Now, I definitely think that in a real way, I had lost the faith of my boss and colleagues well before I was fired. I think they did expect me to know more than I did and were upset that I didn’t. I was ignored. And when I asked for attention, it was negative. I was fired before I was fired.
But, I also quit before I quit. I started working on a new side project during work hours. I started submitting stories, even though I wasn’t meeting my objectives.
Here’s what I wish I’d done
I wish I’d believed that just because I didn’t know how to do what they wanted me to do, I could learn. I wish I’d taken inventory of the value I could create for the company with the skills and knowledge I had then and then gone hard after it. I wish I’d taken some risk, any risk, really. As long as it were legal and ethical. Because then at least I would have learned something from the outcome that I could take to my next job. And there’s always the possibility that it would work and then I could get better at it and then, eventually, I’m a net positive.

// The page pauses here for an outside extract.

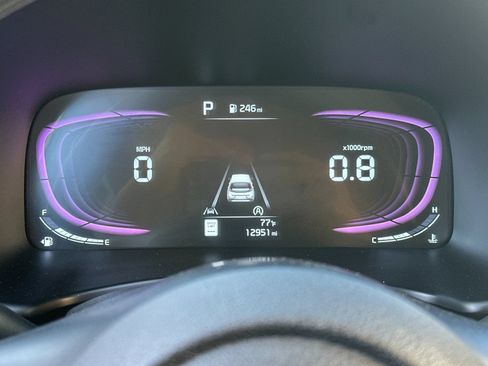 Used 2025 Kia Soul LX w/ LX Technology Package FWD image 23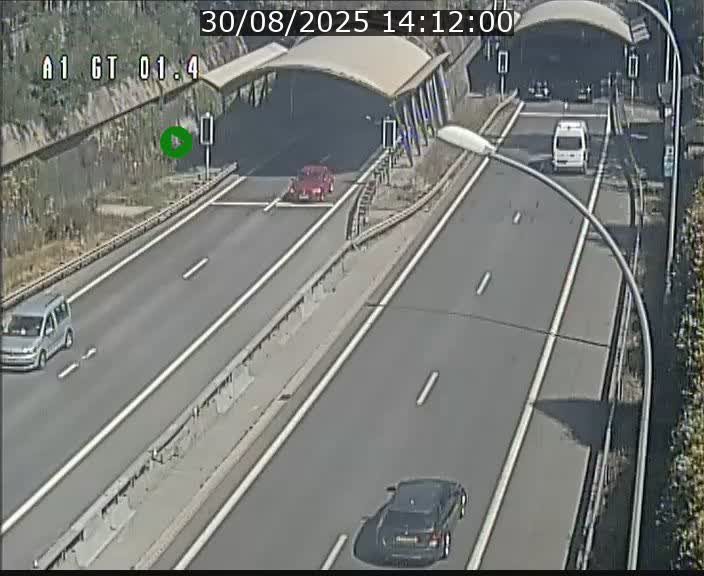 Traffic live webcam Luxembourg Hesperange - A1 direction Kirchberg - BK 1.4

I wish I’d gotten fired for trying something crazy that didn’t work out instead of quitting before I quit. Because the outcome is the same. I’m never going to work for that company again. But I could have walked away having learned more than to not let performance anxiety and imposter syndrome paralyze me.
So if you’ve quit before you quit, or are considering it. Don’t. Get fired.
As bad as quitting before you quit is for employers, it’s so much worse for employees. That fear hanging over your head, the shame.
Try something. Anything. Even something risky. Especially something risky. Because you need a big win or to get fired.
Run an experiment whose results you can measure.
Try things that you can tell whether they worked. If you think your boss expects you to fail you are going to interpret all their input as negative. And, hell, it might be. Work so subjective that failure or success depends on your boss’s interpretation is a problem in and of itself. It’s also inefficient to need your boss’s involvement for every ounce of actionable feedback. You know what success looks like. You can figure this out.
Try something because you don’t need to know what you’re doing. All you need to do is learn. And you are not too stupid to learn. No one is. Even people who have undergone traumatic brain injury and have been judged to have no ability to form new memories have shown the ability to learn subconsciously. Try things, discover what worked, double down on it. Try things, discover what worked, double down on it. Try things…
I got fired in the best way possible. I knew around when it was coming, so I’d been saving up. But I still hoped for the best. I hoped my boss would sit me down and we’d create a new plan for utilizing my talents to benefit an organization I still loved.
I’ll never forget that phone call. I went into the stairwell for some privacy. I didn’t start crying until the boss told me that he knew I was talented, and that I’d do great things. Somewhere else. It was so heartbreakingly bittersweet to finally be recognized as I was getting rejected.
That was two years ago. After I got fired I created a successful web show, guest starred in my friend’s web show, was interviewed on a national news network. Twice. Got published in some big online magazines. Got other people published in bigger online magazines. Got quoted in a New York Times Magazine cover story. And spoke at SXSWi.
And you know what I’ve learned? My dreams were too small, and along with them my risks.
What I’ve learned is that the people at the company that fired me weren’t famous for being smart and competent. They were famous for doing big things. They tried things, discovered what worked, and doubled down on it. Only the things they tried were big. They were hard. They were risky. Some of them started with smaller experiments and worked up. Some of them went straight for the big stuff. But all of them worked their damn asses off running experiments and measuring results and running new experiments.
This can be you. This can be me. This can be anyone.
If you’re thinking about quitting, or have quit already, you’re at the perfect spot to take a big risk. The worst that will happen already has. Don’t quit. Never quit.
This is relevant to my, uh, interests.